Recently Mark Hathaway honored
rec.games.chess.analysis with:

5.Be3


White has a nice control of the center and should
probably protect that by avoiding the ...Nxe4 trick.
5. f3 or 5. Bb3 are good choices.


Just in case Monster Ace is not familiar with this finesse, the
"...Nxe4 trick" is just so: play 5...Nxe4 here, and after 6.Nxe4 play
6...d5. In a game at this level, it can have a demoralizing effect on
the recipient of the trap, even if the positional benefit is slight.

  #8  
Old August 5th 03, 09:39 PM
Brennan
external usenet poster
 
Posts: n/a
Default Please analyse this ... Thanks in advance.

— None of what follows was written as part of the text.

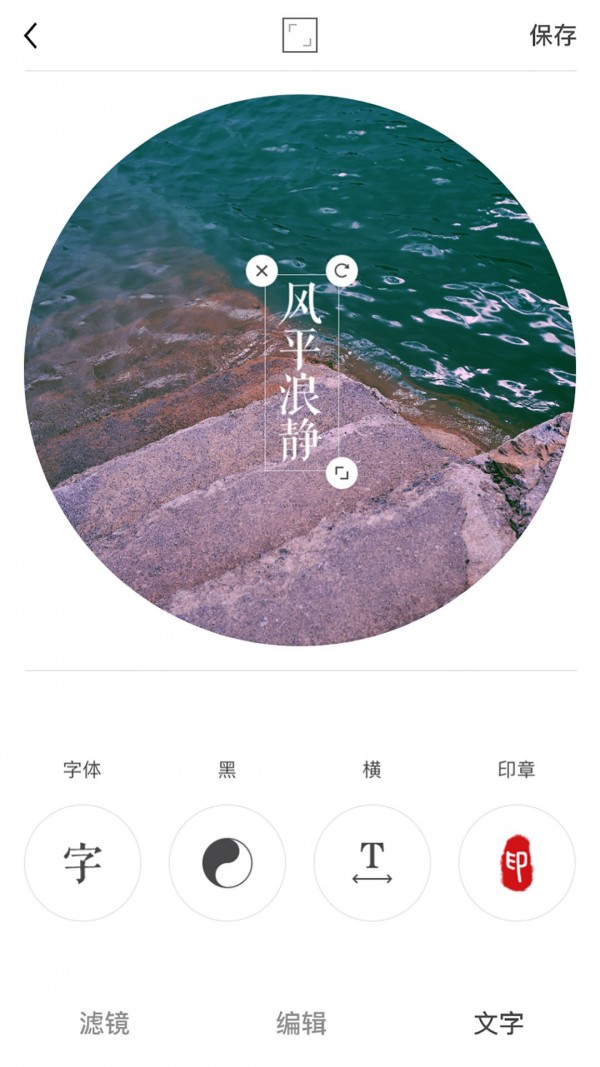 Spectreapp 2.3.4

Recently Mark Hathaway honored
rec.games.chess.analysis with:

Anon vs. Monster Ace

1.e2-e4 g7-g6 2.Bf1-c4 Ng8-f6 3.Nb1-c3 Bf8-g7 4.d2-d4 0-0 5.Bc1-e3
d7-d6 6.f2-f3 Bc8-e6

Mr. Plow
7.Bxe6?!

I don't think this is a good capture. The resulting doubled pawns
are not necessarily bad for Black, as he has improved his control
of the center and opened a file for his KR....


I agree with the superficial assessment about getting a new center
pawn and opening the f file for the rook, but -

This is the *best* way to exploit the mistake. Black's
'improved control of the center' won't help his king stay safe.
White can aim to open the h-file and attack Kg8. Where will
Black's counter-balancing offense come from? There isn't any!


- these points override the slight gains first mentioned. The other
problem with black's pawn center after 7.Bxe6! is that weaknesses on
the white squares abound, especially e6. Weak squares is a hard
concept to master, so MA, use this game as an example of what they are
and how to avoid them. The weakness on e6 plays a key role in this
game.

7...fxe6 8.Nh3 d5?

This is the prime example of what's wrong with the black pawn
structure. 8...e5 makes a stronger center, but cramps the g7 bishop
and leaves black defenseless on the white squares. So black tries to
do something with his extra center pawn, but ...d5 allows e5 by white,
which is now the key move.

9.0-0?!

I don't think this is the right idea at all. I think White had a pretty
significant positional advantage. Maybe Nf4 followed by Qd2, 0-0-0, and
h4.


9. e5 +/-

Keep the center closed and proceed down the h-file.


Yep. e5 also slams the door on the g7 bishop and fixes the weakness
on e6. The double e pawns then become immobile and greatly cramp
black's game.

9...Nc6

Black's play is on the queenside (once he takes care of his other
problems).

I just don't think c6 is a good long-term square for this knight
since it blocks the c-pawn.


Although it's ugly, 9...dxe4 might be right. To open the
center is to make the whole board come to life.


Maybe, but how many players are strong willed enough to voluntarily
submit themselves to isolated doubled pawns? Black has to realize
that 10.e5 is going to be very constricting, and take action. He
should have countered a possible e5 two moves ago.

10.e5! Nh5?

As ugly as it might be, 10...Ne8 has to be the least bad move here.


Yes, then move B to h8 (more ugliness), and N to g7 where it can help
stop a pawn storm. Eventually the Q is going to have to get to e8 to
help with the white squares and the kingside. By now it should be
obvious that black has too much reorganizing to do, and too little
time. ...Nh5 just shortens the misery.